As with “for loops”, if / else statements can be used in many ways during analyses. Understanding the basic syntax of these more complex coding structures should be enough for you to modify them to fit your needs.

While Statements

Both for loops and if/else statements tend to be fairly concrete in terms of number of iterations or operations. But what can you do if you want to run an operation until a certain condition is satisfied? Without knowing ahead of time how many operations are needed, a for loop may not be useful or efficient. An if/else statement will do different things based on the current status, but won’t reiterate automatically. The while statement allows you to set a condition, and then run a chunk of code until that condition is satisfied. Be careful, however, to ensure that the code chunk will eventually satisfy the stated condition, otherwise the while statement will keep running forever.

c = 1 
while(c < 10){
  print(paste("c is equal to ", c,". ", "This values of c is still too small", sep = ""))
  c = c + 1
  #d = d + 1    Replacing the above line with this would result in a while statement that runs forever.
}
## [1] "c is equal to 1. This values of c is still too small"
## [1] "c is equal to 2. This values of c is still too small"
## [1] "c is equal to 3. This values of c is still too small"
## [1] "c is equal to 4. This values of c is still too small"
## [1] "c is equal to 5. This values of c is still too small"
## [1] "c is equal to 6. This values of c is still too small"
## [1] "c is equal to 7. This values of c is still too small"
## [1] "c is equal to 8. This values of c is still too small"
## [1] "c is equal to 9. This values of c is still too small"

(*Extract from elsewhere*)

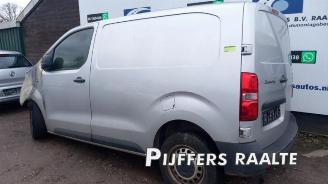 Citroën Jumpy Jumpy, Van, 2016 1.6 Blue HDi 115 picture 2
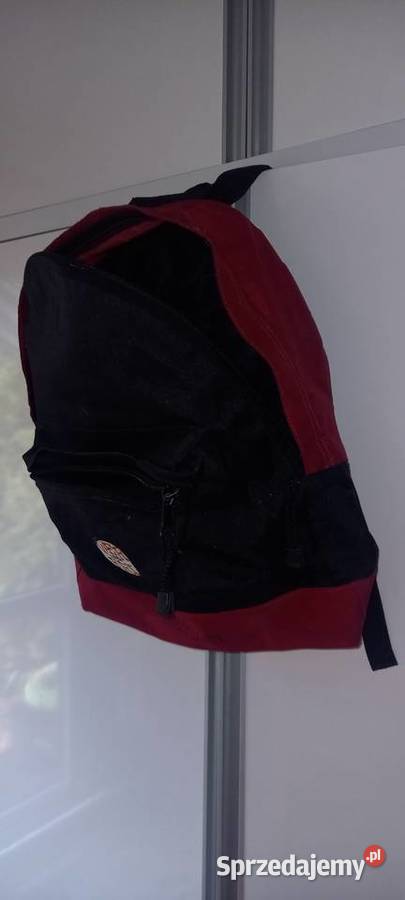 Plecak sportowy duży mazowieckie Małkinia Górna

A simple manual solution is to set limits on the number of iterations the while statement will run. This can be done using the counter objects we described above. In the example below, the operation stops after 100 iterations, even if the main condition (that c exceeds 10) is not met.

c = 1 
d = 1
counter = 0

while(c < 10 & counter < 100){
  d = d + 1
  counter = counter + 1
}

print(counter)
## [1] 100

This is the end of the second tutorial. We have covered a lot of the basics of using R to manipulate and examine data. You should now be able to import data from an external file, examine the structure of the data, describe basic qualities (like the mean and maximum values), and subset the data. Using “for loops”, if/else statements, and while statements, you should also be able to start piecing together more complex processes These are the fundamental building blocks to performing analyses in R. Much of this uses “Base R” - the collection of functions and capabilities that come pre-loaded. As we move through the remaining tutorials, we will supplement (and sometimes replace) what we have already covered with more streamlined, sophisticated, or useful techniques and functions. As with any skill though, you should master the basics first.